About this exercise: Each record below is to be output unchanged, and any picture is to be dropped.

Stored data:
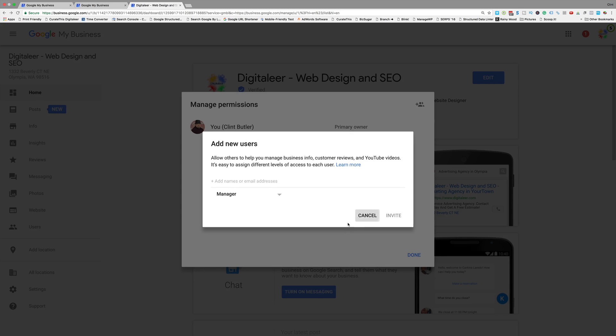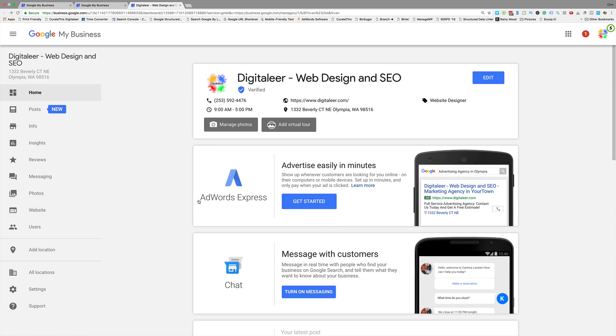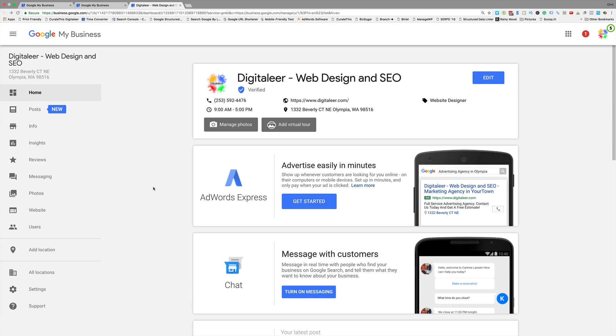And that's it. Basically what will happen now is that person will get an email in their Google inbox asking whether they want to accept the invite or not. And then they'll be able to go into their Google My Business account and access your Google My Business page without being the owner. You can add and delete as you wish.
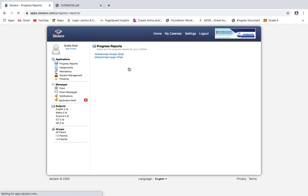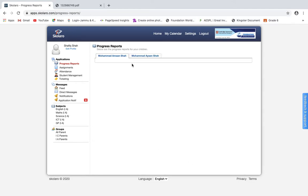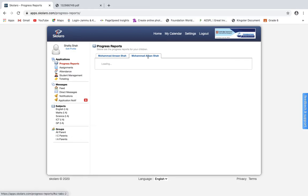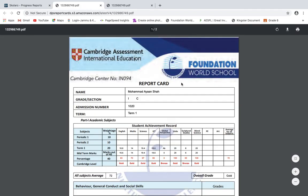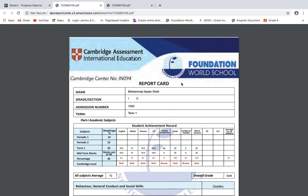Once you click on the download option, your report card PDF will be downloaded. Thank you.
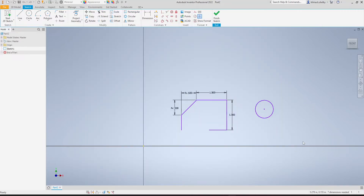In this video, I'm going to go over the Coincident Constraints in Autodesk Inventor. The Coincident Constraint is used to make two parts of your sketch touch one another. It could be two points or two sketch features — whatever you want to touch. We can find it on the ribbon in the top left, among these 12 constraints.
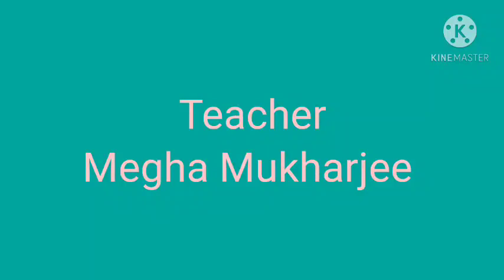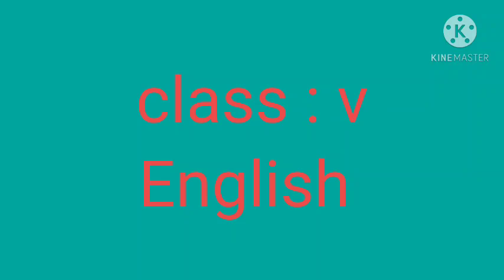Good morning my dear students. Today we are going to learn about tenses: present perfect tense, past continuous tense, and simple future tense. So first start with present perfect tense.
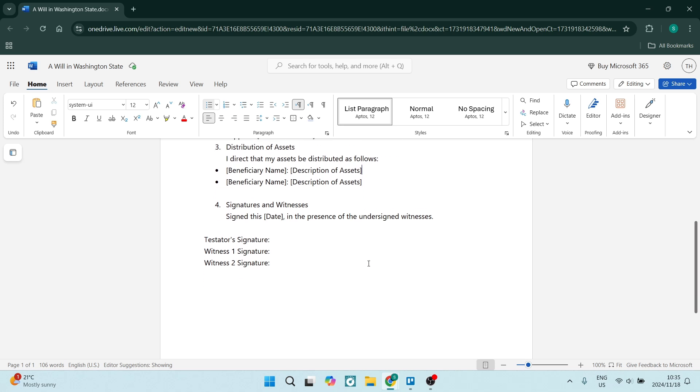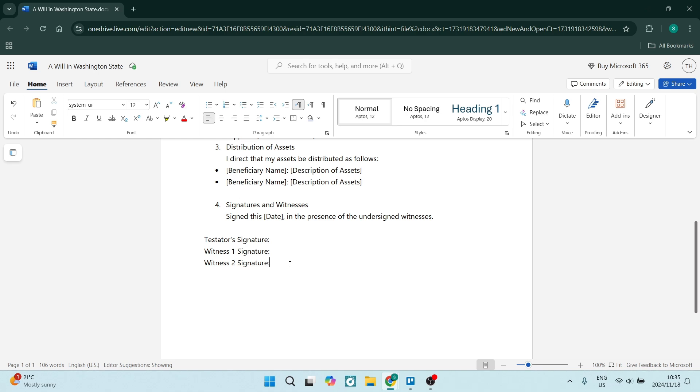And the last statement over here, we are going to just add signatures and witnesses, which basically means you're going to sign this on a date in the presence of the undersigned witnesses. You're going to put your own signature just over here on the dotted line. And you're going to require two witnesses to drop their signatures in here as well.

Written answer:
And that's it. Basically what will happen now is that person will get an email in their Google inbox asking whether they want to accept the invite or not. And then they'll be able to go into their Google My Business account and access your Google My Business page without being the owner. You can add and delete as you wish.
Once you click on the download option, your report card PDF will be downloaded. Thank you.
In this video, I'm going to go over the Coincident Constraints in Autodesk Inventor. The Coincident Constraint is used to make two parts of your sketch touch one another. It could be two points or two sketch features — whatever you want to touch. We can find it on the ribbon in the top left, among these 12 constraints.
Good morning my dear students. Today we are going to learn about tenses: present perfect tense, past continuous tense, and simple future tense. So first start with present perfect tense.
And the last statement over here, we are going to just add signatures and witnesses, which basically means you're going to sign this on a date in the presence of the undersigned witnesses. You're going to put your own signature just over here on the dotted line. And you're going to require two witnesses to drop their signatures in here as well.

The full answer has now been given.